Rabobank: Global beef demand to remain stable in 2024 despite challenges

In most markets, retail beef prices have increased since 2019, and the impact of inflation in 2022 and 2023 has increased the cost of living, putting pressure on consumer budgets and changing consumption patterns.

As consumers shift to lower-cost options in 2023, food service and retail companies have increasingly promoted value-based offerings, some of which have exceeded expectations.

Angus Gidley-Baird, senior analyst at Rabobank, said: "Although there has been some channel shifting and a move towards cheaper options for beef, overall demand has held up relatively well in 2023, supporting consumption levels."

However, a new Rabobank report released today (February 28) expects global GDP growth to slow and unemployment to rise in many countries in 2024 .

Rising unemployment implies that upward pressure on wages should ease, and if inflation remains high, real wages should fall, putting further pressure on household income.

Gidley-Baird says: "Questions about economic productivity, income levels, costs and the direction of monetary policy remain unanswered, but we expect overall beef demand to remain strong into 2024 and therefore consumption levels to remain stable."

Despite economic fluctuations, the latest agribusiness report maintains a neutral outlook for global beef production, with increases in Australia and Brazil offsetting declines in Europe and the US .

“Without strong demand pulling volume through the supply chain and driving up prices, price setting reverts to producers, and with it the impact of seasonal conditions and producer sentiment increases,” explains Gidley-Baird.

The strength of the economic outlook in the various beef consumption markets creates an interesting addition to the global beef market situation and trade balance.

"With expected limited or negative real wage growth in 2024, coupled with a higher cost environment, we believe global beef demand will remain stable at best and possibly decline in 2024, with some significant regional variations," says Gidley-Baird.

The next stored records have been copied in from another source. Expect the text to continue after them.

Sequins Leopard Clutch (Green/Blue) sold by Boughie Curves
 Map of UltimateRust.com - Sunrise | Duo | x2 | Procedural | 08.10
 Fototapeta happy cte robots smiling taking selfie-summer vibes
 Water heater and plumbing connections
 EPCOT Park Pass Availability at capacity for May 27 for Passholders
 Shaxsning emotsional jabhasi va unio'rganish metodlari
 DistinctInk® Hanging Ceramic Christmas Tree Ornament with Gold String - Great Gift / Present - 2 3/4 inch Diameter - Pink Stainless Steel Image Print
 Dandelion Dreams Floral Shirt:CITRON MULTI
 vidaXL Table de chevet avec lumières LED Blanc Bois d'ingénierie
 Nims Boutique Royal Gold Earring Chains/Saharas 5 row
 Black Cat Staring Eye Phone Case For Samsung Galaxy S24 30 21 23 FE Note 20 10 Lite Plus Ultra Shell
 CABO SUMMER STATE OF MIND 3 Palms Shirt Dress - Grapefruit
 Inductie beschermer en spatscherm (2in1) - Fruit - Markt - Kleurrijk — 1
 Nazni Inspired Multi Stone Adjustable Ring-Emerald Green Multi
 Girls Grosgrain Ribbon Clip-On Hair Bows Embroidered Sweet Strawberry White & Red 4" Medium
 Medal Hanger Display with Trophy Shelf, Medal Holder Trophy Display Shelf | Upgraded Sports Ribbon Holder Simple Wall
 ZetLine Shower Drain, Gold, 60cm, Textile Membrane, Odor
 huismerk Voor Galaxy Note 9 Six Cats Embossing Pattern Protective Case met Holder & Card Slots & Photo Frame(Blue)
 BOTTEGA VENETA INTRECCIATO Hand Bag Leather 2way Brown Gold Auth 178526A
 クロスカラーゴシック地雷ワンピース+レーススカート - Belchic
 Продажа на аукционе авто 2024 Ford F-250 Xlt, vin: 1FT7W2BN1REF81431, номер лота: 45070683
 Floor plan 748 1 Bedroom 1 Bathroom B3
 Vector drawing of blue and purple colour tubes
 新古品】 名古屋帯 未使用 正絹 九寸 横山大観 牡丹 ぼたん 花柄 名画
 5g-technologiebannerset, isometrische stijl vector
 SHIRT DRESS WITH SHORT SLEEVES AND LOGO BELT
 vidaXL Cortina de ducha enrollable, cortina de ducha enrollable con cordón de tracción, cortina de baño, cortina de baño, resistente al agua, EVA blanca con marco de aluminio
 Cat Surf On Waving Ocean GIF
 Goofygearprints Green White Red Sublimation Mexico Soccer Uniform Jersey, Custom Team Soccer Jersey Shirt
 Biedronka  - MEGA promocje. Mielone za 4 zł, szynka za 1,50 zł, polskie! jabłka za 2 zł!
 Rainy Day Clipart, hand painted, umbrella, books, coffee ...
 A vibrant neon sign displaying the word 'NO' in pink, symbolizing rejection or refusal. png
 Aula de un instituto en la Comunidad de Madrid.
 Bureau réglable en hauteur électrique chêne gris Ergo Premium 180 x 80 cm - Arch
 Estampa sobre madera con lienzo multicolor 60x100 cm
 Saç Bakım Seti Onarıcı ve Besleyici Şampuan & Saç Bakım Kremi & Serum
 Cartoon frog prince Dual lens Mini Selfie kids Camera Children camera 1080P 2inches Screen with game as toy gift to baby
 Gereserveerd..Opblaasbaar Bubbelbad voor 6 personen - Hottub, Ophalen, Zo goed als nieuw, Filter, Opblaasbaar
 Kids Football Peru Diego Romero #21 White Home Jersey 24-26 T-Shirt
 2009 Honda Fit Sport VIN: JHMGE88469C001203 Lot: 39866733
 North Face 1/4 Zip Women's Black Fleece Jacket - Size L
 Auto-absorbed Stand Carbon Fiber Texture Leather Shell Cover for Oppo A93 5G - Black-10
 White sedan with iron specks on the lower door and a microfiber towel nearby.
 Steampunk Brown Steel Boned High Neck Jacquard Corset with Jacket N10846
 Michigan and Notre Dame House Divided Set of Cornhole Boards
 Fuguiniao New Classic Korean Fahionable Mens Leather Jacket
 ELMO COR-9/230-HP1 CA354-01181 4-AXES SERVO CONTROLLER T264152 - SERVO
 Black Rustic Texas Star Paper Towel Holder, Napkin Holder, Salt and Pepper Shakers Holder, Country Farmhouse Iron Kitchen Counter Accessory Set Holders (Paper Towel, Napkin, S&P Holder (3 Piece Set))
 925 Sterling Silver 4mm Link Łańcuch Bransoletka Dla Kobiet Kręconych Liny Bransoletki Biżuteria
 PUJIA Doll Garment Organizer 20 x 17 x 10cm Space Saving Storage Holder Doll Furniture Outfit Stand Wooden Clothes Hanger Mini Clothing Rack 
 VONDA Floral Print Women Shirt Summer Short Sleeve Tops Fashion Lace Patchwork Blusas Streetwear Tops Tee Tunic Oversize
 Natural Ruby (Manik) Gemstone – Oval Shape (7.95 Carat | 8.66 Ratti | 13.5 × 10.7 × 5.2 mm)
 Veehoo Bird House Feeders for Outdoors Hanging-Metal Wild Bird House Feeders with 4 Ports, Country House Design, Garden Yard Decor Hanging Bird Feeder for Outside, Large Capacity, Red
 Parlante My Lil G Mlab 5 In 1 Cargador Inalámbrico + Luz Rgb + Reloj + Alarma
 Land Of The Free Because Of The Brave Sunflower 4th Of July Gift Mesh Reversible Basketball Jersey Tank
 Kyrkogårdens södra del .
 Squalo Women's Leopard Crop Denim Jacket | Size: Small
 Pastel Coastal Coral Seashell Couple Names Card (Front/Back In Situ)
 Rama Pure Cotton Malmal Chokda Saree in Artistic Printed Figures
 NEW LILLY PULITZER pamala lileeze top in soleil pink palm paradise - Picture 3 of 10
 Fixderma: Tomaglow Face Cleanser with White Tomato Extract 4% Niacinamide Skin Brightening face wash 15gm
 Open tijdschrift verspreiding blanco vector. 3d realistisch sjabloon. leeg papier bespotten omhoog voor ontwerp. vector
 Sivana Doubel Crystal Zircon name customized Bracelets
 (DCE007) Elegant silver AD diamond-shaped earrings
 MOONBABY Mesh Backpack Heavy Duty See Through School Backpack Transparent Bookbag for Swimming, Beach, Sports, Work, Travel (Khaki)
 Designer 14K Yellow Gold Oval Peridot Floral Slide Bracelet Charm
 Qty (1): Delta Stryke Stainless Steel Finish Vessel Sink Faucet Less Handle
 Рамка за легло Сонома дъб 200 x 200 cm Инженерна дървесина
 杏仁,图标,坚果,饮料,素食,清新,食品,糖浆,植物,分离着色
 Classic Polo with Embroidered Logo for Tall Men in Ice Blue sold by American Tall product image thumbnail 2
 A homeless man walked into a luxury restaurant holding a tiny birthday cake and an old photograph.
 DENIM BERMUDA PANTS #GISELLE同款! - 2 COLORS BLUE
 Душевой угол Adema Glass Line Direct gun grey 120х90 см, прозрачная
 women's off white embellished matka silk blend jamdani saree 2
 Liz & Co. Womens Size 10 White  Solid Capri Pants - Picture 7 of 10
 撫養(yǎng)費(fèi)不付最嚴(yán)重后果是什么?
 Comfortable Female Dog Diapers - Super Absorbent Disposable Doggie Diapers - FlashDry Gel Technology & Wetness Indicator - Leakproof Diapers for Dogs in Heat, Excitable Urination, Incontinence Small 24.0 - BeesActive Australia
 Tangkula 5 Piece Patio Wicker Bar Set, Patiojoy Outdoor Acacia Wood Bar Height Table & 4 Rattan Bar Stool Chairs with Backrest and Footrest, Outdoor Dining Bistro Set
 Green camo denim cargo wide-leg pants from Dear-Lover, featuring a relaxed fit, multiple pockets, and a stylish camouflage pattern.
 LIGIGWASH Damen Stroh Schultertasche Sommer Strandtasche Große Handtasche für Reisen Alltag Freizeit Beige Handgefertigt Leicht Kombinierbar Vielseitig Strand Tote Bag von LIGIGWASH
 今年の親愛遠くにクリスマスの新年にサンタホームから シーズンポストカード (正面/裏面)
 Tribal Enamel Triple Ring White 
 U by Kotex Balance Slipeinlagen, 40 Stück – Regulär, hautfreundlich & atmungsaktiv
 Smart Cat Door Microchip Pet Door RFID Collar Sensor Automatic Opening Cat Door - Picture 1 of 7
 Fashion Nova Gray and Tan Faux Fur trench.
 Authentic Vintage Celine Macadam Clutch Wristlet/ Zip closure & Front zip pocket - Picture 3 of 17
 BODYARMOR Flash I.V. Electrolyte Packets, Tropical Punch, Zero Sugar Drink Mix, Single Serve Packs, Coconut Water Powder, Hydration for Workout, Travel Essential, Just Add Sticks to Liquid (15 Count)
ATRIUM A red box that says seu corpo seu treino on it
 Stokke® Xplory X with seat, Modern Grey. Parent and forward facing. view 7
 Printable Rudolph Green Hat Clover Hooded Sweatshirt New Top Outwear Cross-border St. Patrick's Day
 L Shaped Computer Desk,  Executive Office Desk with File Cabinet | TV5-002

For supply chain participants, this raises important questions about margins and trading. Can prices be maintained or increased to compensate for lost consumption, or should retail prices be reduced to encourage increased consumption?

In a market where beef production growth is limited - such as the US - consumers may be willing to tolerate higher prices at the expense of consumption, i.e. maintaining demand.

On the other hand, in a market with increasing supply - such as Australia - lower prices may be required to stimulate consumption.

China's import demand should remain weak in 2024 - at least for the first half of the year - and with demand strengthening and domestic inventories falling in the US market, the beef trade will refocus.

"Brazil's exports to the US in January 2024 exceeded 2023, and volumes from Australia were up 127% y/y. If China's recovery exceeds expectations, global beef markets could become quite tight, pushing prices higher," Gidley-Baird said.

With its reasonable economic outlook and low domestic inventories, the US is likely to lead the beef pricing market and attract increased volumes from Australia, New Zealand, Brazil, CANADA and Mexico.

"But value will become a dominant theme in most markets to retain consumers facing tougher economic conditions," Gidley-Baird explains.